[Input data Boundary: Start]
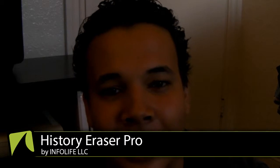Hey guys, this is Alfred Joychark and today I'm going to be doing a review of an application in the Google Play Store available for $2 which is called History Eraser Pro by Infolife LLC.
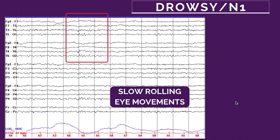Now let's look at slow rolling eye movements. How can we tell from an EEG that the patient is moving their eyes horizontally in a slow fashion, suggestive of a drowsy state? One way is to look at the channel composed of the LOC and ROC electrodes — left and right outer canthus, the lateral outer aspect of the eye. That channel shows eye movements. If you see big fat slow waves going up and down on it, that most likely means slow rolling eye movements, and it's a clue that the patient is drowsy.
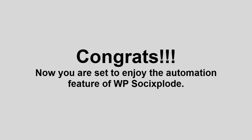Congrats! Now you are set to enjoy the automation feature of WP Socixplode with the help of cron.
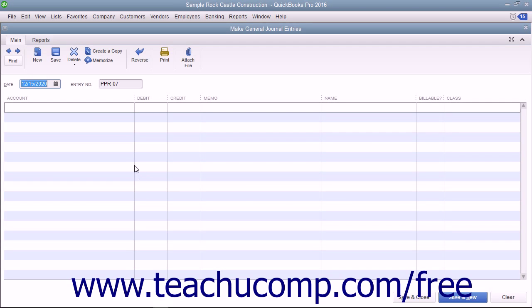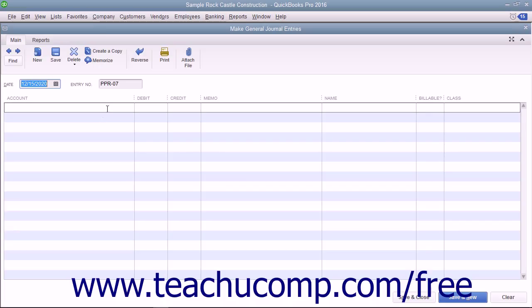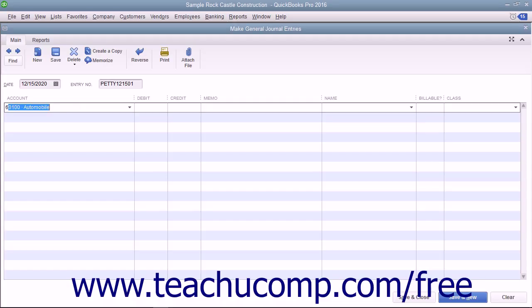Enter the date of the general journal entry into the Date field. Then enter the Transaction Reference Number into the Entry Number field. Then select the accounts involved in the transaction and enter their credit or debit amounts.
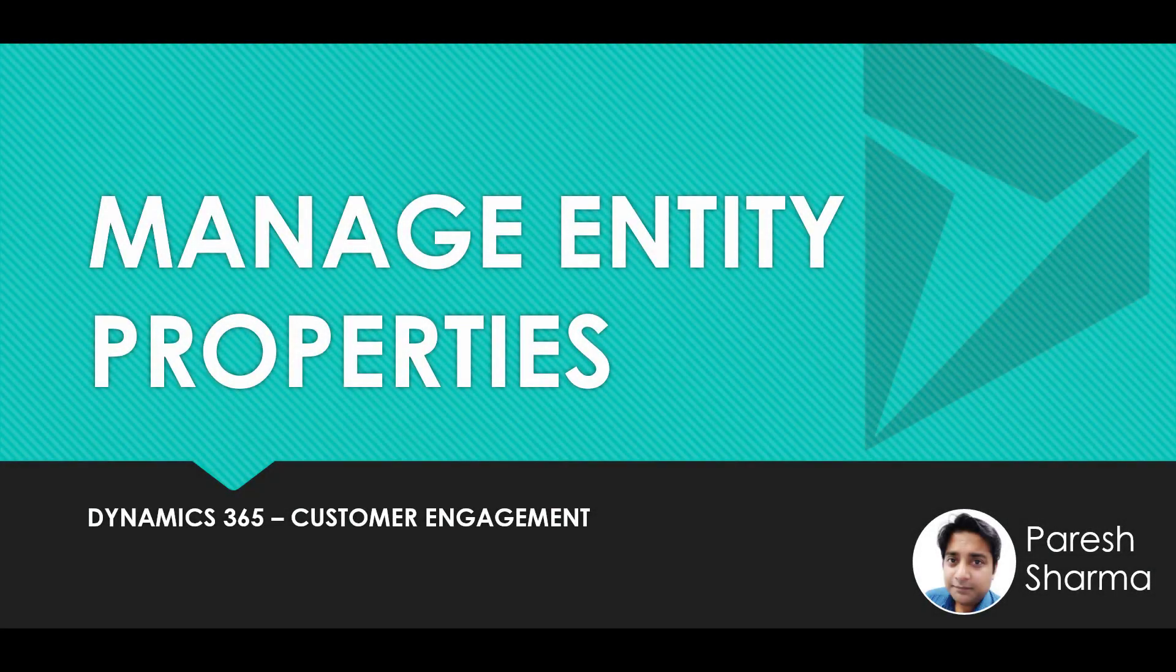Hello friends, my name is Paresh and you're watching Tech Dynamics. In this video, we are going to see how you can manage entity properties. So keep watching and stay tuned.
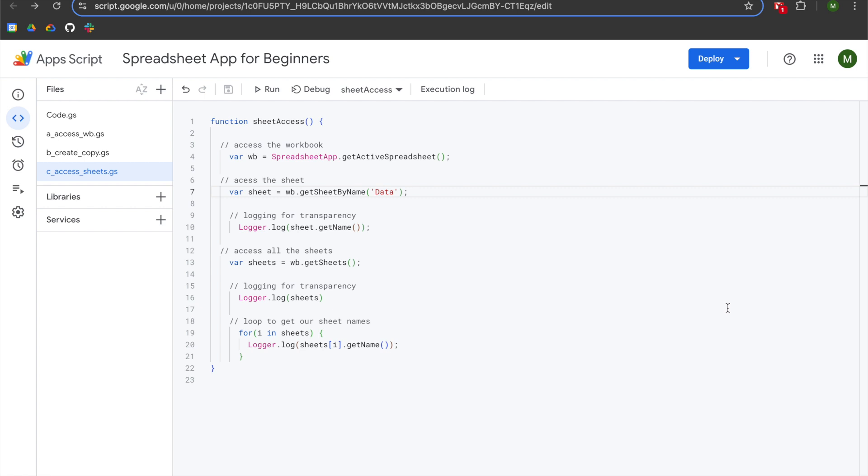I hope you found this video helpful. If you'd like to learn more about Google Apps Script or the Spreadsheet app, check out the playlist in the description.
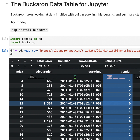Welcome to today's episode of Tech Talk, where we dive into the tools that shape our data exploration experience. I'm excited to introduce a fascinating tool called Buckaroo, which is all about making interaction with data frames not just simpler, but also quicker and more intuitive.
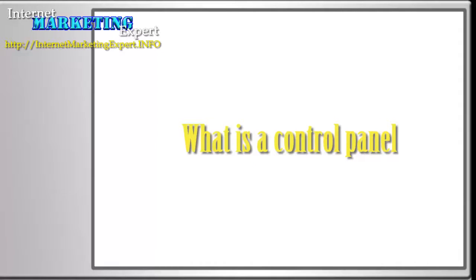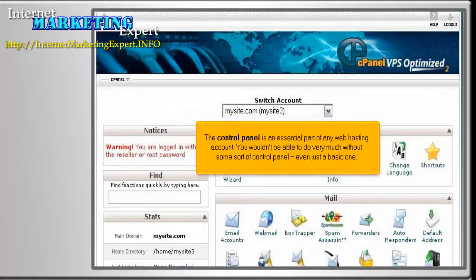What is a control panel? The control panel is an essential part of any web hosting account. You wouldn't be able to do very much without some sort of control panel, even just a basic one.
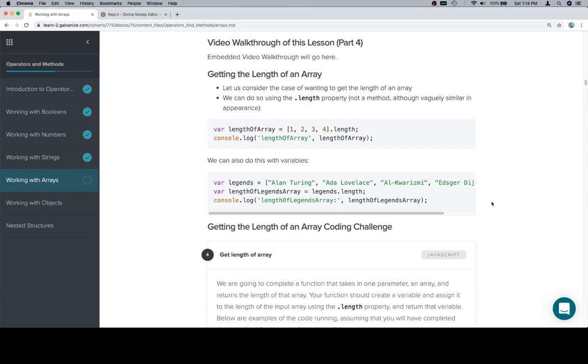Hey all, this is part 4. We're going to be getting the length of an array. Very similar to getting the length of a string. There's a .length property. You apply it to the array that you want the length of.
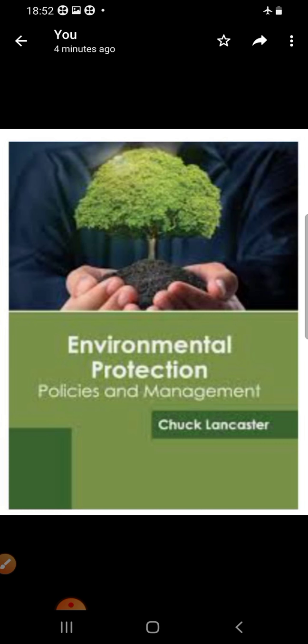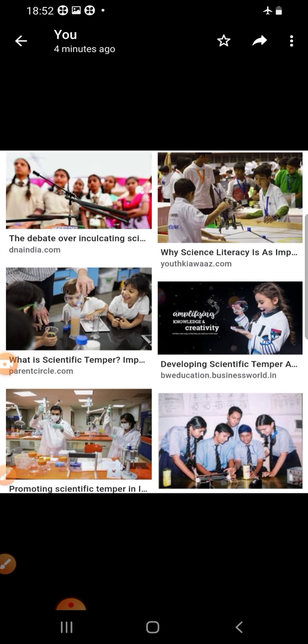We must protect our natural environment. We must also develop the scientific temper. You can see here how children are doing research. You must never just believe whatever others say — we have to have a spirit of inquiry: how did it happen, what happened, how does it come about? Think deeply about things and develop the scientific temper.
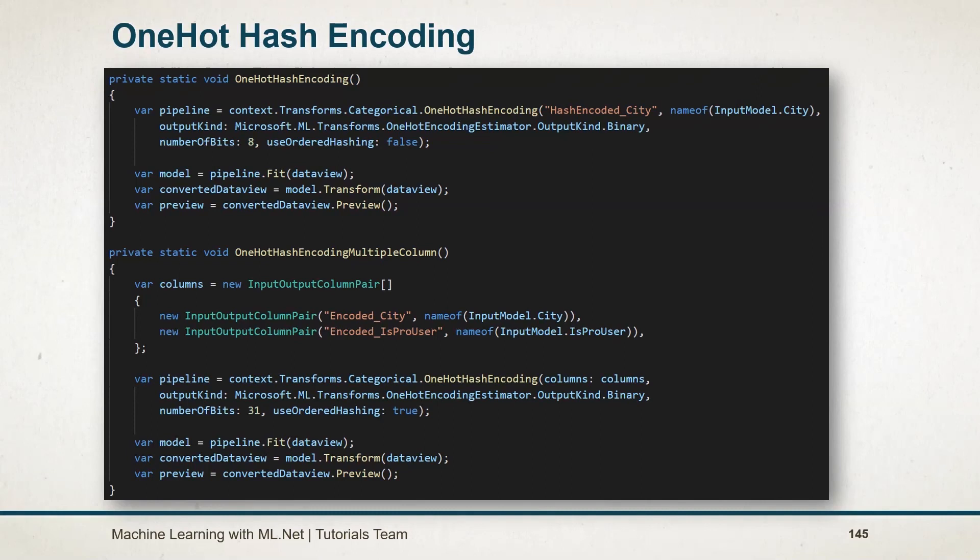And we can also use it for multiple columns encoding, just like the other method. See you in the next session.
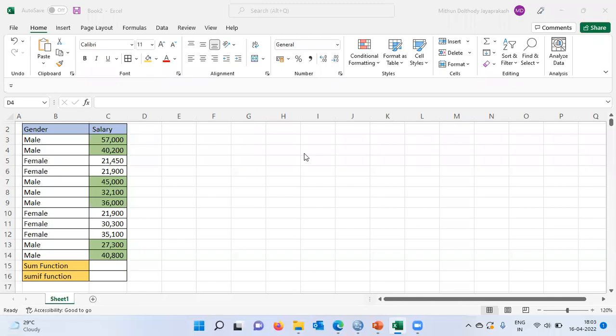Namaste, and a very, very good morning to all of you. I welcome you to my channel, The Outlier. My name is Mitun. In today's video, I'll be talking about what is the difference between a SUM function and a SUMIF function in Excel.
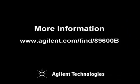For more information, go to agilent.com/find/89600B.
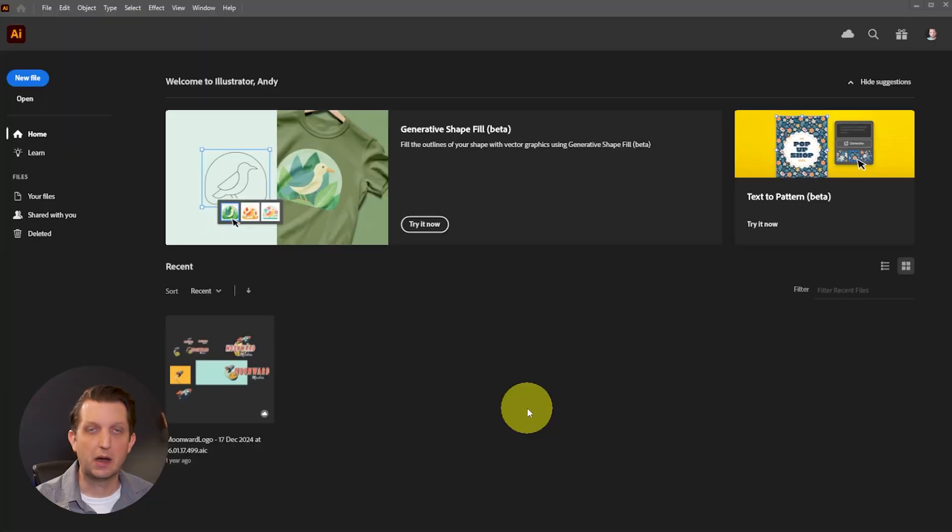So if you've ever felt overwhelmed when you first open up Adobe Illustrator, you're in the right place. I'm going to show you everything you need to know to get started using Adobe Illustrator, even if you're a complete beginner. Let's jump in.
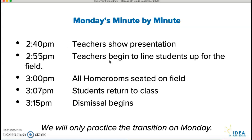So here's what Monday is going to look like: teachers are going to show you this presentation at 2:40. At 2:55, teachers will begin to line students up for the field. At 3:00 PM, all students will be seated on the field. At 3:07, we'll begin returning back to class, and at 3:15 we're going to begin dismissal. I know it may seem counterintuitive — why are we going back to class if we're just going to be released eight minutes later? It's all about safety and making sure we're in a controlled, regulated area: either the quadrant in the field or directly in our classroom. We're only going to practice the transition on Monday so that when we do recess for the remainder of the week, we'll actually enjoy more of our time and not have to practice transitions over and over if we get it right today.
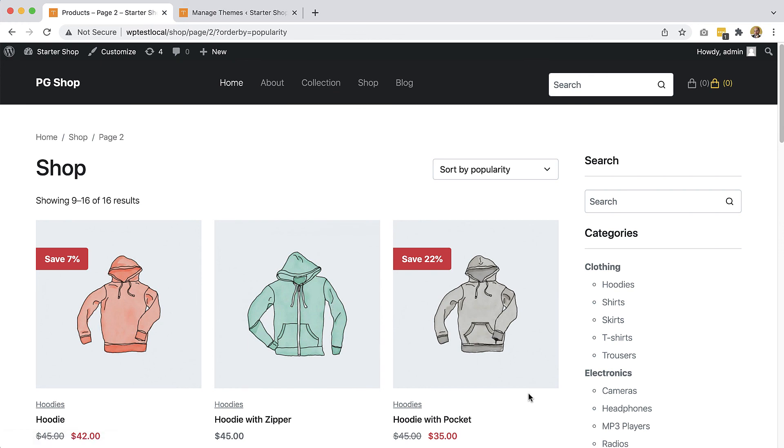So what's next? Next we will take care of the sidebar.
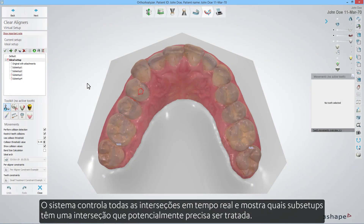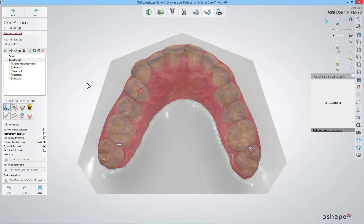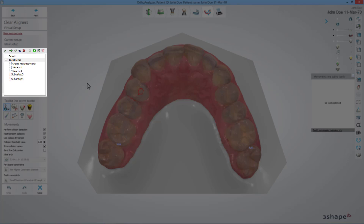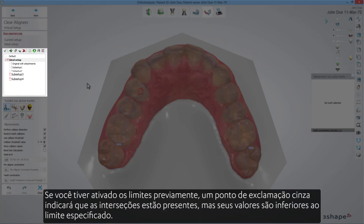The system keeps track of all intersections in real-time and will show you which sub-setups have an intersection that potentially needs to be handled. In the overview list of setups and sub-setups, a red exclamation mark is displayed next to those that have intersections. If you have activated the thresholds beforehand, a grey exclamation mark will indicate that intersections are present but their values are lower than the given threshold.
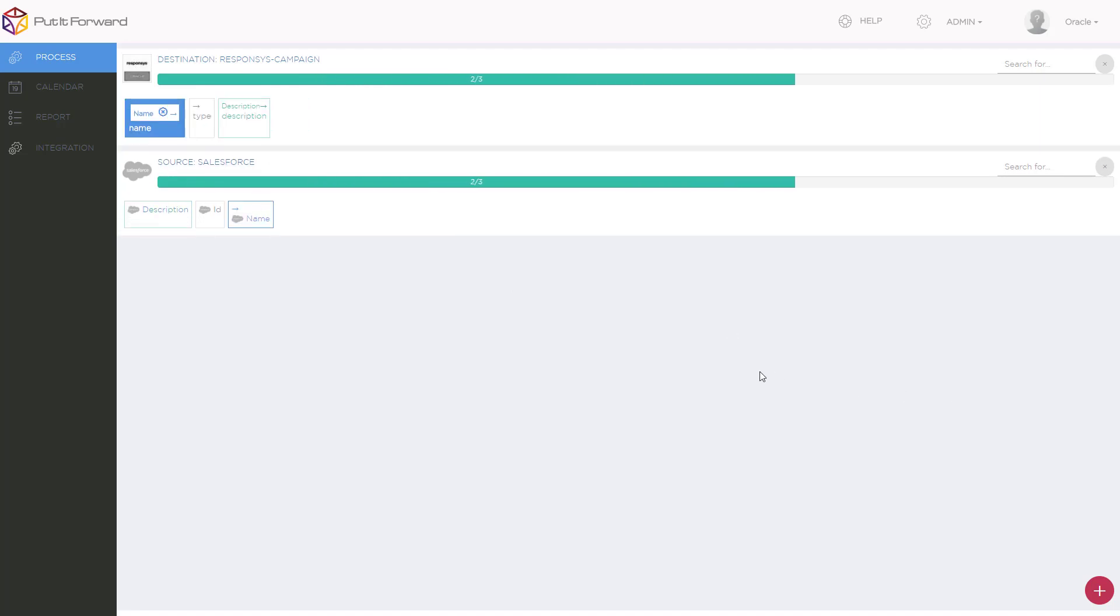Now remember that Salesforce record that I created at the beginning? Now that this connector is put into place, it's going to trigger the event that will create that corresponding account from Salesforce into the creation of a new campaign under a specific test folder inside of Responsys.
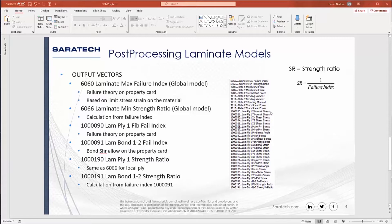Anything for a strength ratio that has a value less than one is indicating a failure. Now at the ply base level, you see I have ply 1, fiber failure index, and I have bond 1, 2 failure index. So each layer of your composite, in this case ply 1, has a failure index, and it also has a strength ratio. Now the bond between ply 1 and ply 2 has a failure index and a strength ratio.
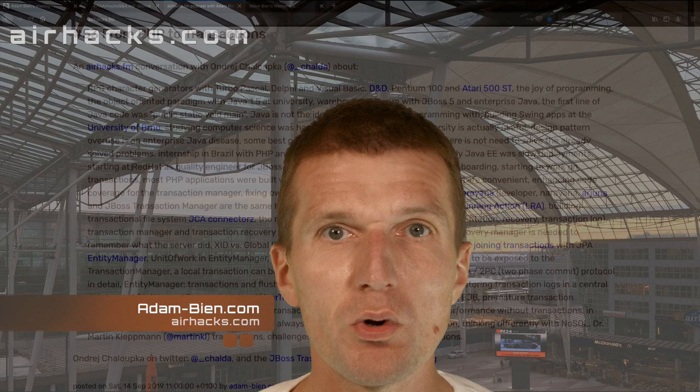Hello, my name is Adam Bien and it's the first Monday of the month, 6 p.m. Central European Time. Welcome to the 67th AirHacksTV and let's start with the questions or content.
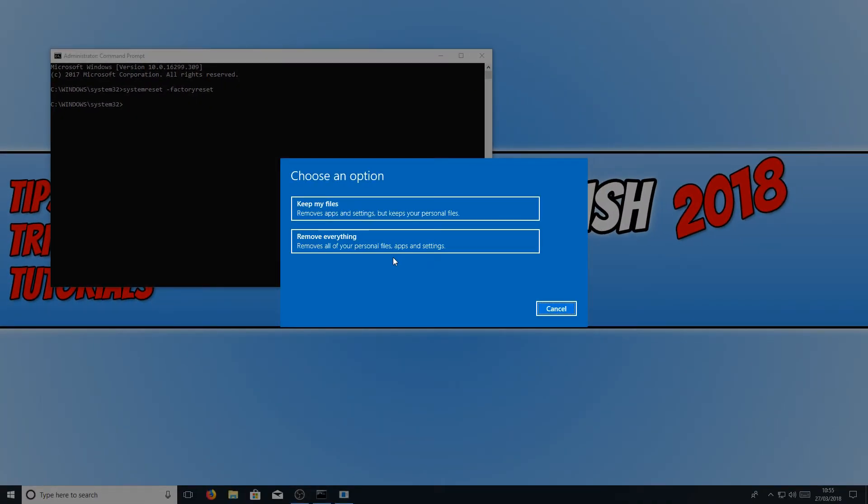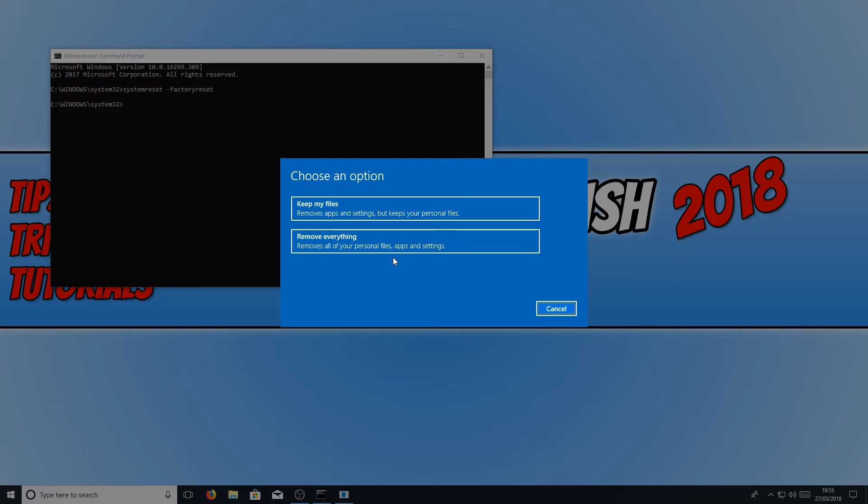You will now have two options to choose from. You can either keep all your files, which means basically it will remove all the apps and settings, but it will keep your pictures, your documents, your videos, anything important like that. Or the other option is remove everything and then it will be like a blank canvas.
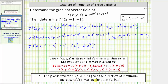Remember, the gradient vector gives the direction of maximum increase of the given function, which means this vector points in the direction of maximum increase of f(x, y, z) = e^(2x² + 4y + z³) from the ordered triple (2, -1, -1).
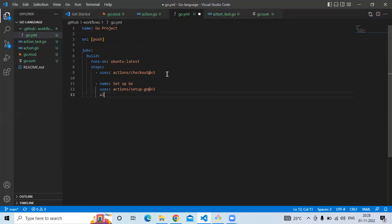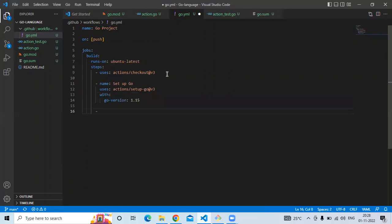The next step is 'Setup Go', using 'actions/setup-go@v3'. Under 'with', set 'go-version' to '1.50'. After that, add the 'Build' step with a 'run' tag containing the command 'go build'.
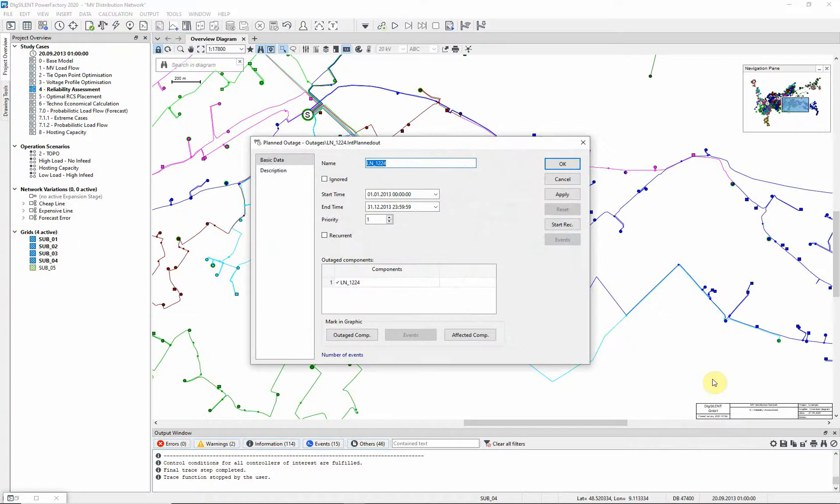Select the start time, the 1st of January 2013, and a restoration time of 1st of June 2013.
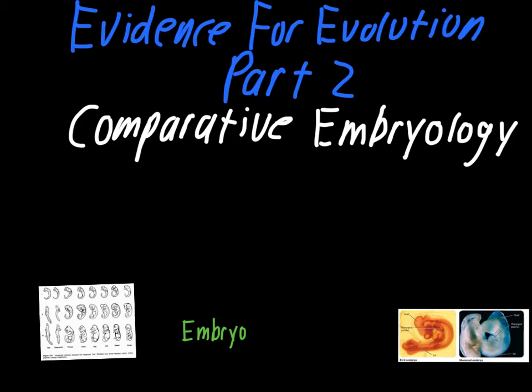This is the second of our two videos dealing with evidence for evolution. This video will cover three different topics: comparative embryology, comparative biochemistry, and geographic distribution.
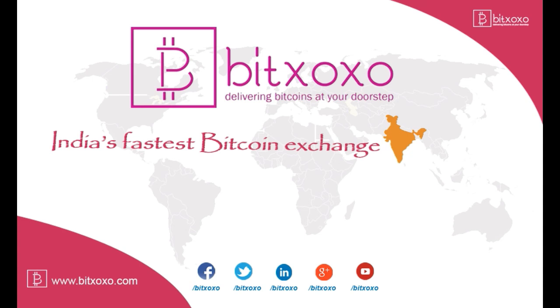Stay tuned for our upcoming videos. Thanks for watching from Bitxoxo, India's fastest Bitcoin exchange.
[Input data Boundary: End]
- _Work instructions_
Leaving out the pictures, restate the listing above exactly.

- _Written reply_
Hey guys, this is Alfred Joychark and today I'm going to be doing a review of an application in the Google Play Store available for $2 which is called History Eraser Pro by Infolife LLC.
Now let's look at slow rolling eye movements. How can we tell from an EEG that the patient is moving their eyes horizontally in a slow fashion, suggestive of a drowsy state? One way is to look at the channel composed of the LOC and ROC electrodes — left and right outer canthus, the lateral outer aspect of the eye. That channel shows eye movements. If you see big fat slow waves going up and down on it, that most likely means slow rolling eye movements, and it's a clue that the patient is drowsy.
Congrats! Now you are set to enjoy the automation feature of WP Socixplode with the help of cron.
Enter the date of the general journal entry into the Date field. Then enter the Transaction Reference Number into the Entry Number field. Then select the accounts involved in the transaction and enter their credit or debit amounts.
Hello friends, my name is Paresh and you're watching Tech Dynamics. In this video, we are going to see how you can manage entity properties. So keep watching and stay tuned.
I hope you found this video helpful. If you'd like to learn more about Google Apps Script or the Spreadsheet app, check out the playlist in the description.
Welcome to today's episode of Tech Talk, where we dive into the tools that shape our data exploration experience. I'm excited to introduce a fascinating tool called Buckaroo, which is all about making interaction with data frames not just simpler, but also quicker and more intuitive.
What is a control panel? The control panel is an essential part of any web hosting account. You wouldn't be able to do very much without some sort of control panel, even just a basic one.
Hey all, this is part 4. We're going to be getting the length of an array. Very similar to getting the length of a string. There's a .length property. You apply it to the array that you want the length of.
We must protect our natural environment. We must also develop the scientific temper. You can see here how children are doing research. You must never just believe whatever others say — we have to have a spirit of inquiry: how did it happen, what happened, how does it come about? Think deeply about things and develop the scientific temper.
And we can also use it for multiple columns encoding, just like the other method. See you in the next session.
Namaste, and a very, very good morning to all of you. I welcome you to my channel, The Outlier. My name is Mitun. In today's video, I'll be talking about what is the difference between a SUM function and a SUMIF function in Excel.
For more information, go to agilent.com/find/89600B.
So if you've ever felt overwhelmed when you first open up Adobe Illustrator, you're in the right place. I'm going to show you everything you need to know to get started using Adobe Illustrator, even if you're a complete beginner. Let's jump in.
So here's what Monday is going to look like: teachers are going to show you this presentation at 2:40. At 2:55, teachers will begin to line students up for the field. At 3:00 PM, all students will be seated on the field. At 3:07, we'll begin returning back to class, and at 3:15 we're going to begin dismissal. I know it may seem counterintuitive — why are we going back to class if we're just going to be released eight minutes later? It's all about safety and making sure we're in a controlled, regulated area: either the quadrant in the field or directly in our classroom. We're only going to practice the transition on Monday so that when we do recess for the remainder of the week, we'll actually enjoy more of our time and not have to practice transitions over and over if we get it right today.
So what's next? Next we will take care of the sidebar.
The system keeps track of all intersections in real-time and will show you which sub-setups have an intersection that potentially needs to be handled. In the overview list of setups and sub-setups, a red exclamation mark is displayed next to those that have intersections. If you have activated the thresholds beforehand, a grey exclamation mark will indicate that intersections are present but their values are lower than the given threshold.
Now remember that Salesforce record that I created at the beginning? Now that this connector is put into place, it's going to trigger the event that will create that corresponding account from Salesforce into the creation of a new campaign under a specific test folder inside of Responsys.
Anything for a strength ratio that has a value less than one is indicating a failure. Now at the ply base level, you see I have ply 1, fiber failure index, and I have bond 1, 2 failure index. So each layer of your composite, in this case ply 1, has a failure index, and it also has a strength ratio. Now the bond between ply 1 and ply 2 has a failure index and a strength ratio.
Hello, my name is Adam Bien and it's the first Monday of the month, 6 p.m. Central European Time. Welcome to the 67th AirHacksTV and let's start with the questions or content.
You will now have two options to choose from. You can either keep all your files, which means basically it will remove all the apps and settings, but it will keep your pictures, your documents, your videos, anything important like that. Or the other option is remove everything and then it will be like a blank canvas.
Remember, the gradient vector gives the direction of maximum increase of the given function, which means this vector points in the direction of maximum increase of f(x, y, z) = e^(2x² + 4y + z³) from the ordered triple (2, -1, -1).
The next step is 'Setup Go', using 'actions/setup-go@v3'. Under 'with', set 'go-version' to '1.50'. After that, add the 'Build' step with a 'run' tag containing the command 'go build'.
Select the start time, the 1st of January 2013, and a restoration time of 1st of June 2013.
This is the second of our two videos dealing with evidence for evolution. This video will cover three different topics: comparative embryology, comparative biochemistry, and geographic distribution.
Stay tuned for our upcoming videos. Thanks for watching from Bitxoxo, India's fastest Bitcoin exchange.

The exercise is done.